Brief Psychiatric Rating Scale (BPRS)
An objective method of rating clinical symptoms providing scores on 18 variables, widely used for assessing the presence and severity of psychiatric symptoms.
Hamilton Rating Scale for Depression (HRSD)
A rating scale similar to the BPRS but specifically targeted for selecting research subjects who are clinically depressed.
Wechsler Adult Intelligence Scale-Revised (WAIS-IV)
The most commonly used test for measuring adult intelligence, consisting of verbal and performance material across 15 subtests.
Projective Personality Tests
Unstructured tests relying on ambiguous stimuli where individuals project their own problems, motives, and wishes onto the situation.
Rorschach Inkblot Test
A projective test using ten inkblot pictures to elicit responses that reveal an individual's personality characteristics.

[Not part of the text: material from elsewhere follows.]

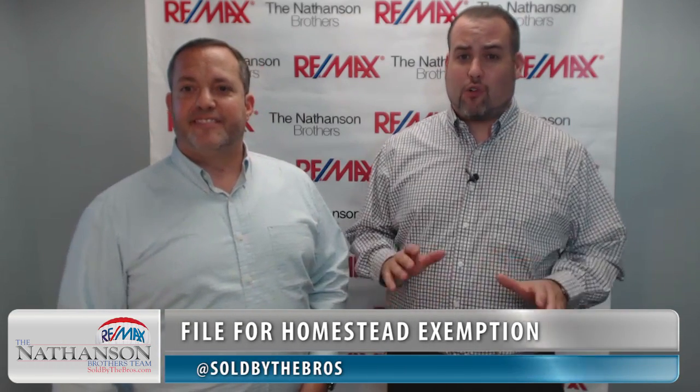Well, first things first, if you haven't already, we highly recommend that you file for homestead exemption. For those watching who aren't familiar with it, what's a homestead exemption? Good question.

Thematic Apperception Test (TAT)
A projective test consisting of a series of 20 cards with ambiguous pictures where subjects are asked to make up stories about them.
Sentence Completion Test
A projective test where the client responds freely to word stems, helping examiners pinpoint clues to problems, attitudes, and symptoms.
Objective Personality Tests
Structured tests typically using questionnaires or self-report inventories with specify alternative responses to enhance reliability.
Minnesota Multiphasic Personality Inventory (MMPI)
The most widely used personality test for clinical and forensic assessment, utilizing validity scales and empirical keying.
Empirical keying
The process of selecting and weighing test items based on their ability to statistically differentiate between groups with known different outcomes.
The Halstead-Reitan Battery
A group of neurophysical tests including the Halstead Category Test, Rhythm Test, and Tactual Performance Test used to measure cognitive and motor performance.
Electroencephalogram (EEG)
A graphical record of the brain’s electrical activity obtained by placing electrodes on the scalp; has good temporal resolution.
Computed tomography (CT)
A specialized technique using X-ray measurements combined at various angles to provide detailed structural information about the brain or body.
fMRI (functional MRI)
An imaging technique that measures the difference in magnetic signals between oxygenated and deoxygenated blood to identify active brain areas.
PET (positron emission tomography) scans
An imaging method involving the injection of radioactive material to examine brain metabolism or blood flow under various conditions.
Comorbidity
The concurrent presence of two or more disorders in the same person.
Categorical Approach
A classification approach that seeks to classify behavior into distinct, healthy versus disordered categories.
Dimensional Approach
An approach assuming that behavior is a product of differing strengths or intensities along definable dimensions like mood or aggressiveness.
Prototypal Approach
A classification system based on a conceptual identity that represents a theoretically ideal case to which individuals are compared.
Symptom
A patient’s subjective description of what is wrong (e.g., 'I am sad').
Sign
An objective, visible indicator of a condition (e.g., crying).
Research Domain Criteria (RDOC)
A 'transdiagnostic' research framework organized by phenomena that exist across different disorders rather than specific diagnostic categories.
Anhedonia
The reduced ability to experience pleasure, often seen in depression and anorexia.
Polygenic
Influenced by multiple genes or multiple polymorphisms (naturally occurring variations) rather than a single gene.
Additive model (Diathesis-stress)
A model where diathesis and stress are parallel; a person with no diathesis can still develop a disorder if stress is high enough.
Interactive model (Diathesis-stress)
A model showing a fanning effect where some amount of diathesis is required before stress will influence the development of a disorder.